Moving to Nigeria is a big challenge for many expats. The InterNations Expat Guide offers information on the country’s paperwork-heavy immigration process, Nigerian cities, and other useful info you should be aware of before relocating to Nigeria.

Warning: Due to recent terrorist activity, travel warnings are in place for certain areas in Nigeria. Read our section on Expat Safety in Nigeria for more information.

Expat Destinations in Nigeria

Most expats moving to Nigeria obviously choose Nigeria’s economic and industrial centers. The majority of these are found in the country’s southern coastal regions. Furthermore, many expats are living in Nigeria’s Free Trade Zones, which usually feature residence compounds for employees.

If you are not moving to Nigeria solely for business reasons, but also for the cultural experience, you might want to go explore the country in detail. Please consider the safety precautions we have compiled in our article on Living in Nigeria before you consider freely roaming the country.

Lagos

Lagos is the largest city and thus the first choice for many expats moving to Nigeria. Though exact estimates vary, with a population in 2014 of around 21 million in the wider metropolitan area, it is considered the most populous city in Africa, surpassing even Cairo. The metropolis on the Gulf of Guinea has experienced rapid growth, as moving to the country’s economic and cultural center remains a big incentive for people from rural regions and abroad.

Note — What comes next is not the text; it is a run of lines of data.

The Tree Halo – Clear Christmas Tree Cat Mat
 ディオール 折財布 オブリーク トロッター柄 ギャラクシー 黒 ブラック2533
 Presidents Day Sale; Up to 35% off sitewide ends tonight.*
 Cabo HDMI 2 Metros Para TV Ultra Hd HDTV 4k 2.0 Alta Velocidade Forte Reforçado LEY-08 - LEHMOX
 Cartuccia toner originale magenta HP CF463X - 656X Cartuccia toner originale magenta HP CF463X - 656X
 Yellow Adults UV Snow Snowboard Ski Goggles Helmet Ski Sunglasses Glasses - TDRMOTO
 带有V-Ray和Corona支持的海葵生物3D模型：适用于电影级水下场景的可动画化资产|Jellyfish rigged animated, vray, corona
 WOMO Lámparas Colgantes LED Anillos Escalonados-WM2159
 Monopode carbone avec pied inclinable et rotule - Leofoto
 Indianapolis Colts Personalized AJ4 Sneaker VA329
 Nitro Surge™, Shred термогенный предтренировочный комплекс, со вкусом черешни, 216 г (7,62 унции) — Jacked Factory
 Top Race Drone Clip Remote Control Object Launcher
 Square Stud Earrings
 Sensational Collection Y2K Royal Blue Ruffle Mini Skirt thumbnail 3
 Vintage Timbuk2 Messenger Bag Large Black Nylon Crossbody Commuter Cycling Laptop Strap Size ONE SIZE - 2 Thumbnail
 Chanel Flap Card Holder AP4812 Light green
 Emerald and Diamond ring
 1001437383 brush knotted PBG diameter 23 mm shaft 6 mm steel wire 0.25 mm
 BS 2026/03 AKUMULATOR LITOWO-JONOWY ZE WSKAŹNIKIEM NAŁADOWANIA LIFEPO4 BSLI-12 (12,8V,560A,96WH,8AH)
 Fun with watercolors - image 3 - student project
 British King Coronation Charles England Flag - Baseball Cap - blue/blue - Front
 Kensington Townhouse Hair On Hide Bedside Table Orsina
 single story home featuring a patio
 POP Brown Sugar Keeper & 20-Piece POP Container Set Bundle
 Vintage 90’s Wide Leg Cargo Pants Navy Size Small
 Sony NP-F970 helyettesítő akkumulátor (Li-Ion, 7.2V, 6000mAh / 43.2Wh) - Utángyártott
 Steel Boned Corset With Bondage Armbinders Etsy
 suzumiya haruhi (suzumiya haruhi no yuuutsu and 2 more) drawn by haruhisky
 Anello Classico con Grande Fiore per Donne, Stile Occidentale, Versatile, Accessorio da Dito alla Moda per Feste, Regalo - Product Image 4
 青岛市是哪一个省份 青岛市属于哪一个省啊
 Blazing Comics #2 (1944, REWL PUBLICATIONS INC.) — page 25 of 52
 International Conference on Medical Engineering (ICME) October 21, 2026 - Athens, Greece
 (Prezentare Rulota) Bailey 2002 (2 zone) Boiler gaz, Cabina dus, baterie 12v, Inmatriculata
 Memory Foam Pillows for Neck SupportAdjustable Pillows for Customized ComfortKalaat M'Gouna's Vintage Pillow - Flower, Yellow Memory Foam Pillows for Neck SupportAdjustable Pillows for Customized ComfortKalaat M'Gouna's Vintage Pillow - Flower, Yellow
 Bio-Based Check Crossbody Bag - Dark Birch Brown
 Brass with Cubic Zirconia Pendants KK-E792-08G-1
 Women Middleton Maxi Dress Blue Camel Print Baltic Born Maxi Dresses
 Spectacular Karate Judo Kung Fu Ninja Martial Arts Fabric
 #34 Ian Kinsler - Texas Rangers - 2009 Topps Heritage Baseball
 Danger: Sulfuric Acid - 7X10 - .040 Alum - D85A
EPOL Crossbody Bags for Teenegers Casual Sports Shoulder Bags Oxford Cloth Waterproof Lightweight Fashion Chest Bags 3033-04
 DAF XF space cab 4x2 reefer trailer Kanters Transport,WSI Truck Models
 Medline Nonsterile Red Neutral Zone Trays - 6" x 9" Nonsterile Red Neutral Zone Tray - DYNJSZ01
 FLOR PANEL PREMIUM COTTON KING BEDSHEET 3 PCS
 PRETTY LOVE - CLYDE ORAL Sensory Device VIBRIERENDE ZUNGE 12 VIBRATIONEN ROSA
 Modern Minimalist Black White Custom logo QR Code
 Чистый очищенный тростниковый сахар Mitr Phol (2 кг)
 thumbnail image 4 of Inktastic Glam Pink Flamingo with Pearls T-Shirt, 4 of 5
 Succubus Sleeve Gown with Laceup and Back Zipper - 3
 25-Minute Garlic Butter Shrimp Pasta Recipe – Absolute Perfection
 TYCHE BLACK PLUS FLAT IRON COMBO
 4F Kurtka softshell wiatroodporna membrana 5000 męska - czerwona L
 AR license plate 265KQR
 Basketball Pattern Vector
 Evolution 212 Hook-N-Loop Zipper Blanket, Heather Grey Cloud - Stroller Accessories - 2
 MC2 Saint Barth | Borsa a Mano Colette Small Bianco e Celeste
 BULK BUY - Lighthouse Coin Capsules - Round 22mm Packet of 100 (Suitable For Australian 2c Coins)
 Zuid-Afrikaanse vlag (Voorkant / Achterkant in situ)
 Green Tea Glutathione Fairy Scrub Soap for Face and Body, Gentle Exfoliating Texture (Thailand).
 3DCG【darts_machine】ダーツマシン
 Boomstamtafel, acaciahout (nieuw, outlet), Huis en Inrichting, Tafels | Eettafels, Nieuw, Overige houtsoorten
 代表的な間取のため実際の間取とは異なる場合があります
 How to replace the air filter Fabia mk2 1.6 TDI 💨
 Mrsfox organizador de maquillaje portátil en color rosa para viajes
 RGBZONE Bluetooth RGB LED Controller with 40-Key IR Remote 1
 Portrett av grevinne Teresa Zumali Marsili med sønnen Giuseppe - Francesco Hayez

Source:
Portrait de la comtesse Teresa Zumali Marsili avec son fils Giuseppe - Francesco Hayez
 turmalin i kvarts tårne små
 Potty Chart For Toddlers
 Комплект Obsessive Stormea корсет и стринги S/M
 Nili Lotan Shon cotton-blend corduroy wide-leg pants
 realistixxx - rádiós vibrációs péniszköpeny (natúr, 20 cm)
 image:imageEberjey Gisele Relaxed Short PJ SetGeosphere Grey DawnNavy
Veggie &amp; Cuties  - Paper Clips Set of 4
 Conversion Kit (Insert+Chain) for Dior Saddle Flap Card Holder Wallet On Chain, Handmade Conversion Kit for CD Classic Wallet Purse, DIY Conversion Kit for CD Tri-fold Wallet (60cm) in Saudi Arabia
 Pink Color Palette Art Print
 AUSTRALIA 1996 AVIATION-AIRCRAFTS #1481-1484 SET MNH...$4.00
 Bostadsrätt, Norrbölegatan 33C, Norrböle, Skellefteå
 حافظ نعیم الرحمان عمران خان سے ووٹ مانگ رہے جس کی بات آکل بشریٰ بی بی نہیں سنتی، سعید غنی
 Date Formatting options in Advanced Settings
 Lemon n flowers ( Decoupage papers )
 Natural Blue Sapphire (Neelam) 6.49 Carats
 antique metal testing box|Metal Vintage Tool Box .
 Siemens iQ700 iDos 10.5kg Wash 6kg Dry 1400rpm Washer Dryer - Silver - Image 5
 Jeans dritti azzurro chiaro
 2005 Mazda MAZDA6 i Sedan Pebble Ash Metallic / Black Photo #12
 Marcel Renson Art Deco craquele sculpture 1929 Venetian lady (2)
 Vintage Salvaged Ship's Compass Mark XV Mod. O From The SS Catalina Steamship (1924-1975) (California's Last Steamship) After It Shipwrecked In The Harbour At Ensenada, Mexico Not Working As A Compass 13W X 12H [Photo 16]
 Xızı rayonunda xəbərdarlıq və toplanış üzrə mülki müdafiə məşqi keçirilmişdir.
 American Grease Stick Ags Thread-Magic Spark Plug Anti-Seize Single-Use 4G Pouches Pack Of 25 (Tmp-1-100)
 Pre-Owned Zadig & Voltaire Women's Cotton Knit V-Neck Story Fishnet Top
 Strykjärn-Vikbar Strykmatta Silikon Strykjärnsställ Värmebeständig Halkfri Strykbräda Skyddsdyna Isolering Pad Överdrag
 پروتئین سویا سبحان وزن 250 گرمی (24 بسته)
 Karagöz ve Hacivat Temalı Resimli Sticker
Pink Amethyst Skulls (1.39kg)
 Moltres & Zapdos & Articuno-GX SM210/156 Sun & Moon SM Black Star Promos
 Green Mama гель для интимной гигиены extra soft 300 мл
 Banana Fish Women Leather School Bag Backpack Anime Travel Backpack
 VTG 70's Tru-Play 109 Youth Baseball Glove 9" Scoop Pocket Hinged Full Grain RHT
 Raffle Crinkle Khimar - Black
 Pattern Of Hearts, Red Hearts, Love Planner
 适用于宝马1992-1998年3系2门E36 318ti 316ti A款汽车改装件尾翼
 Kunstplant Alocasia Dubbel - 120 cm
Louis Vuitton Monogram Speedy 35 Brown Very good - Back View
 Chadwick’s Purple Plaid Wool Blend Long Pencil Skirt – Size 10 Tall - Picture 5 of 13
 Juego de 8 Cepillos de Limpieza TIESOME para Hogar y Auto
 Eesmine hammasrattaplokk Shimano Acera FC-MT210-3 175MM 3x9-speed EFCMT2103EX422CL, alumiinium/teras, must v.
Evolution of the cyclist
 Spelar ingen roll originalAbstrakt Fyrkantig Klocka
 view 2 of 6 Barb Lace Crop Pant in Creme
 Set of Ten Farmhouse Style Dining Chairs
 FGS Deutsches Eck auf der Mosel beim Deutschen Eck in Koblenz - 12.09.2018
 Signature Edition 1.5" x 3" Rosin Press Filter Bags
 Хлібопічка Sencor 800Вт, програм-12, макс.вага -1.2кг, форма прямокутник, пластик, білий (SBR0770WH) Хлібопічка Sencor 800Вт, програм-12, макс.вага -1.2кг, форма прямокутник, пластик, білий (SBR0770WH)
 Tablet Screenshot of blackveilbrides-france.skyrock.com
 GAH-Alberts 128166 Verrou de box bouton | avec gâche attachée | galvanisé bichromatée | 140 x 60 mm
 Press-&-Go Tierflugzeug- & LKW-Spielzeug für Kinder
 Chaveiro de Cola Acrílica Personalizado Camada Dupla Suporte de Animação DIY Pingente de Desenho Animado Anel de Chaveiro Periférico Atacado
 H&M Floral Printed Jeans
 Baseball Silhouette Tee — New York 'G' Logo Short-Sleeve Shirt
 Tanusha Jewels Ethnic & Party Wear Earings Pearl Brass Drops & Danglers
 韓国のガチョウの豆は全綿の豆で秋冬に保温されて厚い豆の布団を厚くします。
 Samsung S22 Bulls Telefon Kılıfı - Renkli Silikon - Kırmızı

In many respects, Lagos is the most important Nigerian city. It is a large hub for banks, industrial enterprises, and the music and film industry. The three ports are the nation’s biggest transfer site for all goods, except for oil, which is shipped directly from the Delta. The metropolis also is home to the most modern international airport – you will have to at least change flights here when you arrive in Nigeria.

Lagos was the Nigerian capital until 1991. Most embassies, although now officially located in Abuja, handle visa applications from their Lagos offices. The city’s cultural and economic importance is unparalleled, as is the quality of life. Many expats moving to Nigeria opt for accommodation in the popular neighborhoods of Victoria Island, Ikoyi, Apapa, and Ikeja, where living is a more relaxed and safer experience.

Your employment contract permitting, you should try to relocate to Lagos. It will probably ensure the most comfortable and interesting experience for expatriates moving to Nigeria.

Port Harcourt

Employment in Port Harcourt means doing business in Nigeria’s oil production center. It is the main collecting point for oil produced in the Niger Delta and home to most of Nigeria’s refineries.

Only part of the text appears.